August 13, 2019 Codemasters has issued a correction regarding Nvidia DLSS support in F1 2019 patch 1.07.

AMD Contrast-Adaptive Sharpening (CAS) technology is now live in F1 2019. Forming part of AMD’s FidelityFX toolkit, which was launched alongside the RDNA architecture and RX 5700-series GPUs on July 7, CAS is a dynamic sharpening filter that AMD hopes will allow for high-quality post-processing without degrading performance or introducing visual artifacts.

F1 2019 has been a hotbed of post-processing action since its launch in June. Both AMD and Nvidia will, at some point, incorporate their own GPU technologies into Codemaster’s latest game: AMD with FidelityFX and CAS, and Nvidia with Deep Learning Super Sampling (DLSS). However, Nvidia DLSS support will have to wait for a later patch.

“Just a quick update on yesterday’s correction to our patch notes for 1.07,” Codemasters’ updated patch notes read. “We inadvertently released a partially completed integration of Nvidia’s DLSS technology in patch 1.07 which was not supposed to be enabled until a later patch. We are currently working towards enabling this in a completed state for an upcoming patch. Thanks to Nvidia for helping us in tracking down this issue.”

AMD’s FidelityFX CAS is live in patch 1.07, however, which the company claims will have a low performance cost, particularly on AMD Navi and Vega graphics cards. Both of these architectures are built with the ability to compute two FP16 operations at once for more efficient operation, otherwise known as Rapid Packed Math. AMD Navi launched this time last month in the RX 5700-series graphics cards, which should be perfectly suited for the job.

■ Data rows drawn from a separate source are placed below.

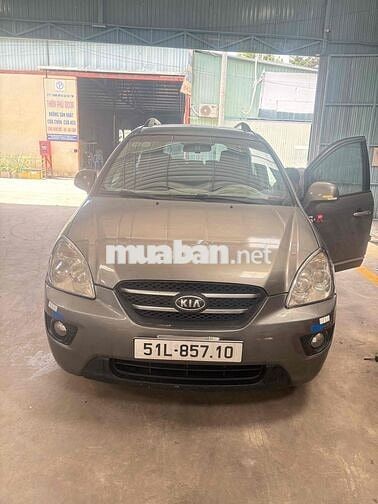 Kia Carens 2010 SX 2.0 AT - 129000 km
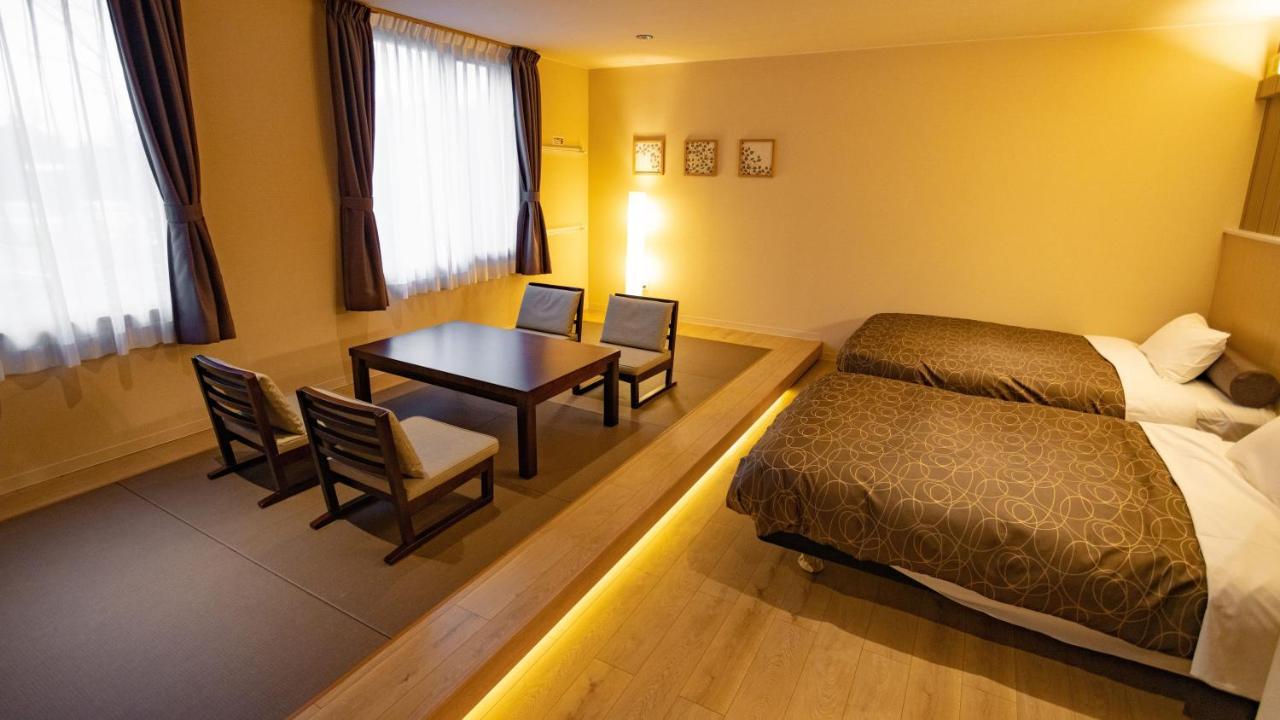 Morinoyu Hotel Hanakagura Aszahikava Kültér fotó
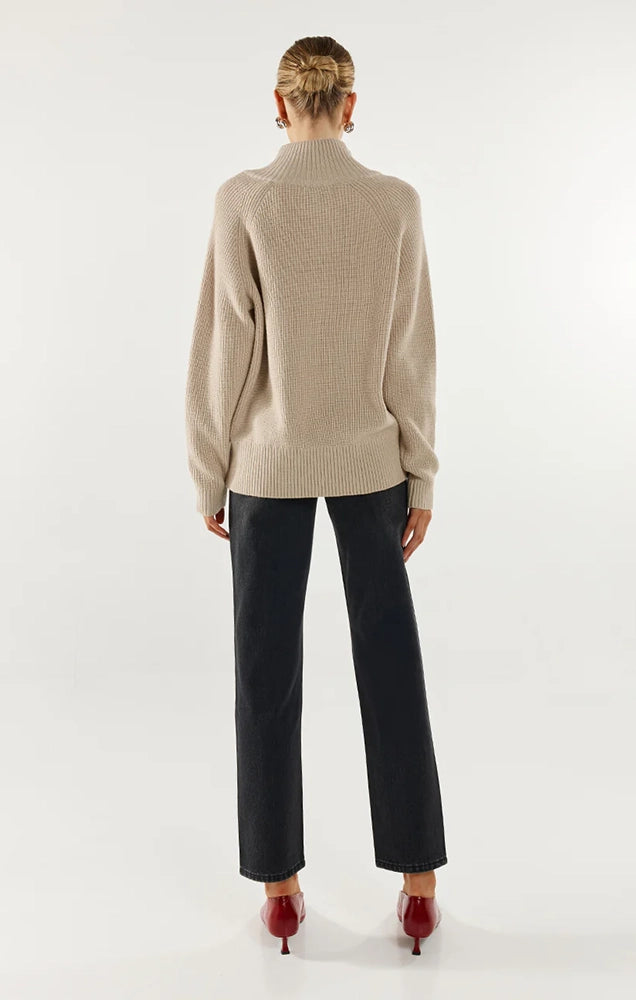 FLORIE KNIT CARDIGAN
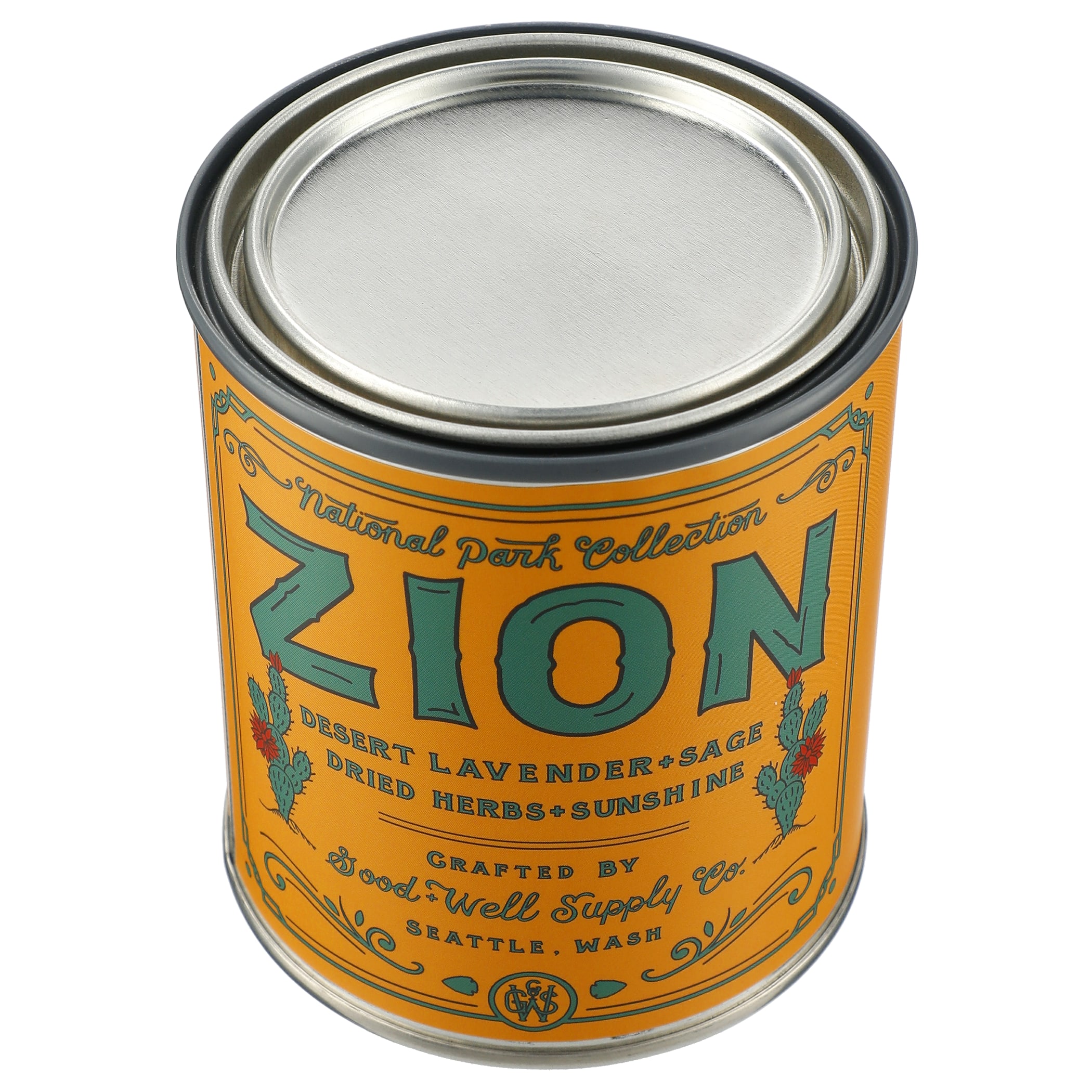Picture of Zion National Park 14 oz Candle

According to AMD, CAS exposes detail in low-contrast areas, maintaining sharpness and image clarity while minimising artifacts. There are two settings:

  • TAA and FidelityFX Sharpening, which simply applies CAS to a scene.
  • TAA and FidelityFX Upscaling, which renders a scene at a reduced resolution before applying TAA and CAS to upscale the image to the specified resolution.

The actual effect of CAS you can see in the image AMD provided below. It’s only a slight change, but nonetheless, if performance impact is indeed negligible, the optional upsampling included with CAS could prove itself a net gain for users on GPUs unable to hit higher resolutions capable of delivering greater clarity and sharpness natively.

AMD FidelityFX

Nvidia similarly offers upscaling with DLSS, which is also (in theory) capable of a secondary mode purely for anti-aliasing and image quality called DLSS 2x. One of the major differences between the two companies’ approaches is Nvidia’s use of deep learning and its Turing architecture’s inference Tensor Cores, requiring its cards.

Nvidia’s DLSS technology is also a closed ecosystem, while AMD’s FidelityFX is open-source. An unexpected result of which is AMD’s tech works on Nvidia graphics cards, too.

The F1 2019 patch enabling CAS, version 1.07, is already live in-game.